Data shown Block Start

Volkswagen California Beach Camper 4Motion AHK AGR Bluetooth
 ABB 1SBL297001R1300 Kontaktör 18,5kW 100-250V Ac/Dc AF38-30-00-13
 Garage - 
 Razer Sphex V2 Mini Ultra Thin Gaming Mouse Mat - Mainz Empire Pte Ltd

Data shown Block End

Task item - Would you write out the listing above exactly, in full?

Output -
Volkswagen California Beach Camper 4Motion AHK AGR Bluetooth
 ABB 1SBL297001R1300 Kontaktör 18,5kW 100-250V Ac/Dc AF38-30-00-13
 Garage - 
 Razer Sphex V2 Mini Ultra Thin Gaming Mouse Mat - Mainz Empire Pte Ltd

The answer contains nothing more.